| What to work on |
Transcribe exactly the lines below that begin at the line with "Systèmes de gestion" and stop after the line with "Bandeau en coton noir - Kiabi", leaving out every picture.

| Data excerpts |
══════
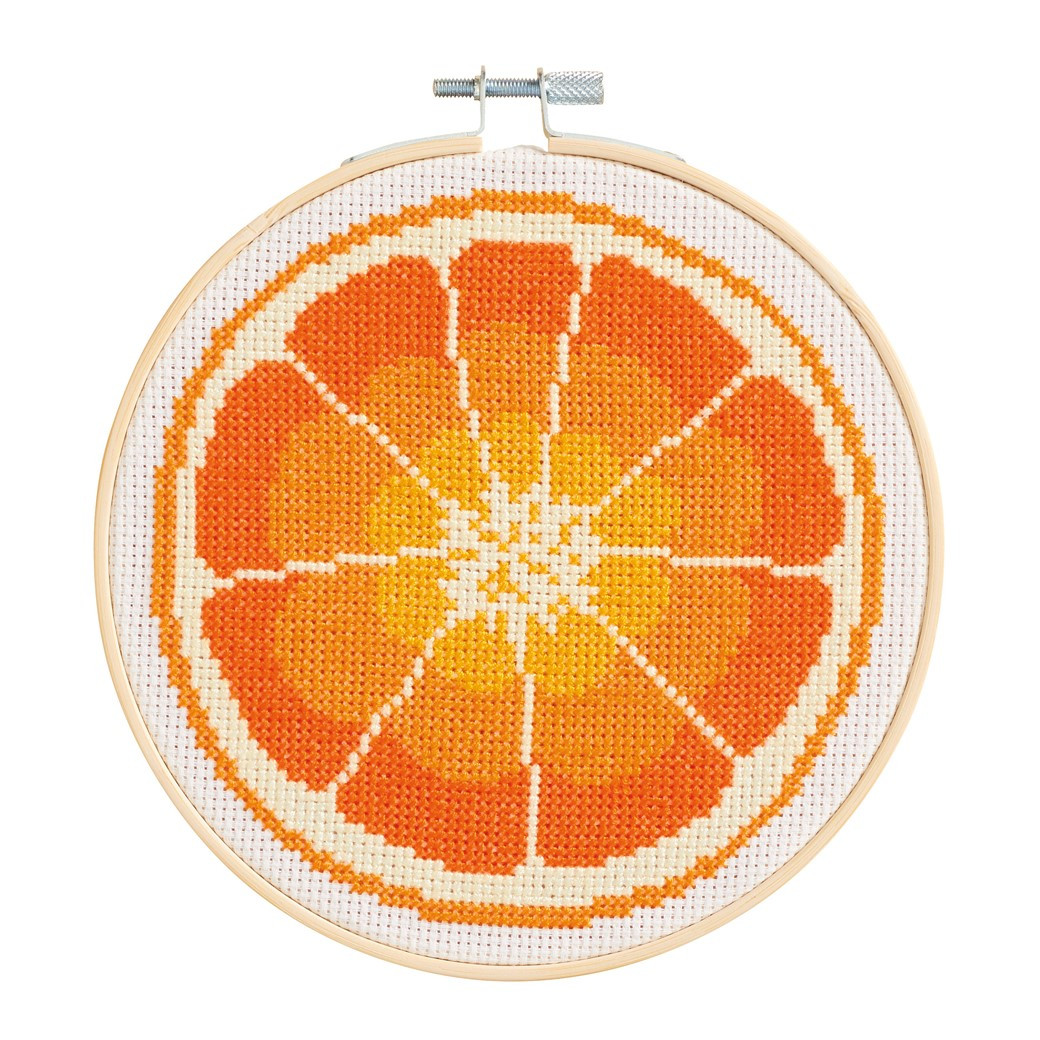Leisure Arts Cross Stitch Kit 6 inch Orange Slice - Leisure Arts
══════
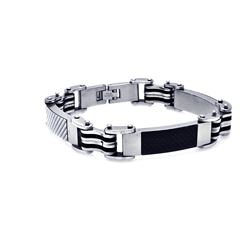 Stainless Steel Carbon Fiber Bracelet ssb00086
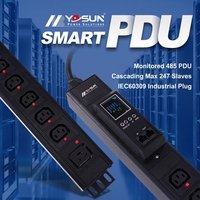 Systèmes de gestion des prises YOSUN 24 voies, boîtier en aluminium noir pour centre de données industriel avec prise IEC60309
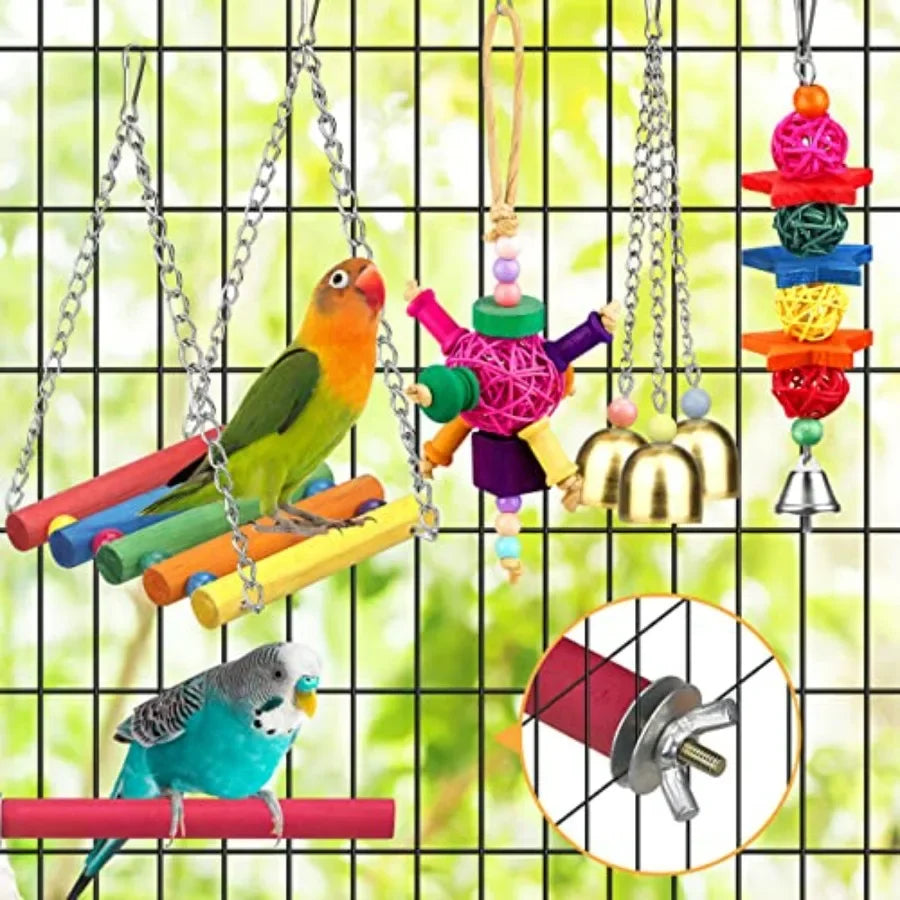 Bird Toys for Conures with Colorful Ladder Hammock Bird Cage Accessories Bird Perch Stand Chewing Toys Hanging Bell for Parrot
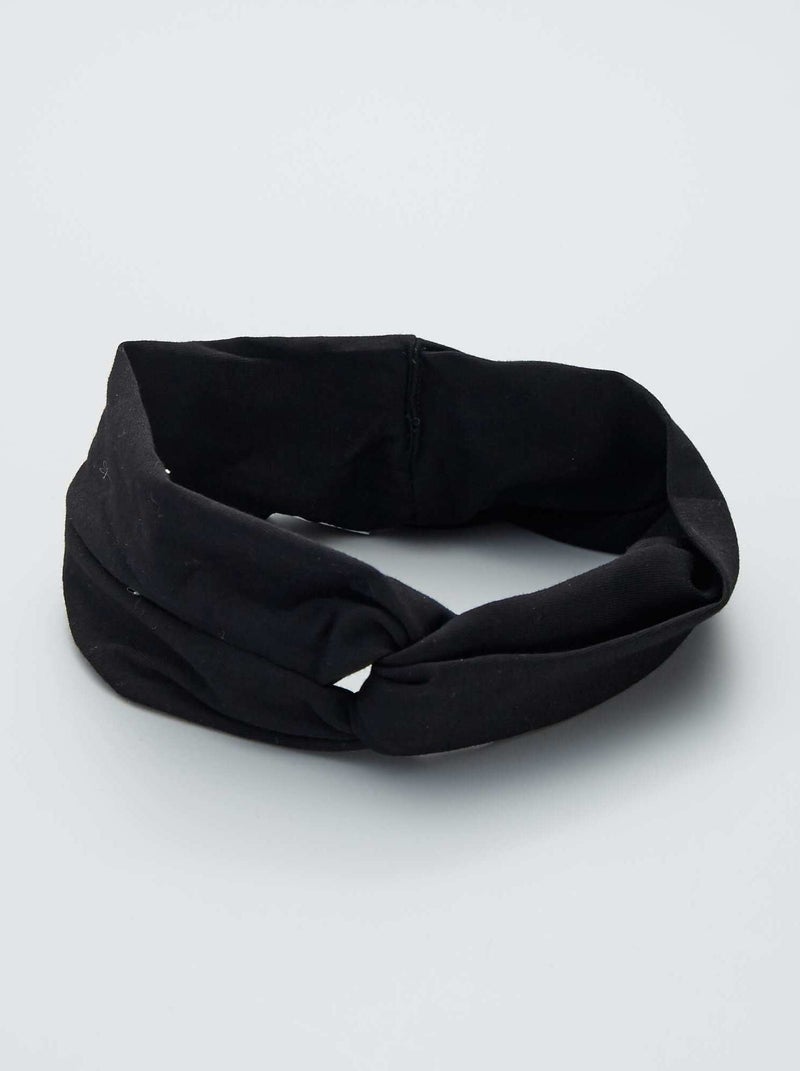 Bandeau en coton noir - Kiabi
══════
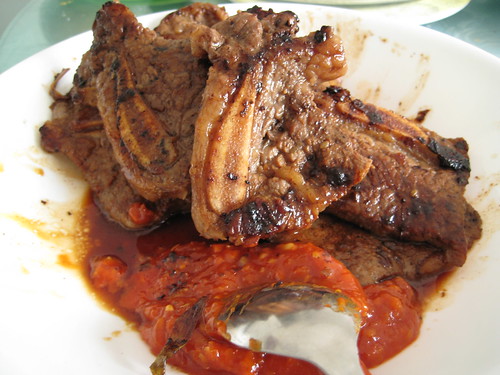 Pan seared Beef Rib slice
══════
| Solution below |
 Systèmes de gestion des prises YOSUN 24 voies, boîtier en aluminium noir pour centre de données industriel avec prise IEC60309
 Bird Toys for Conures with Colorful Ladder Hammock Bird Cage Accessories Bird Perch Stand Chewing Toys Hanging Bell for Parrot
 Bandeau en coton noir - Kiabi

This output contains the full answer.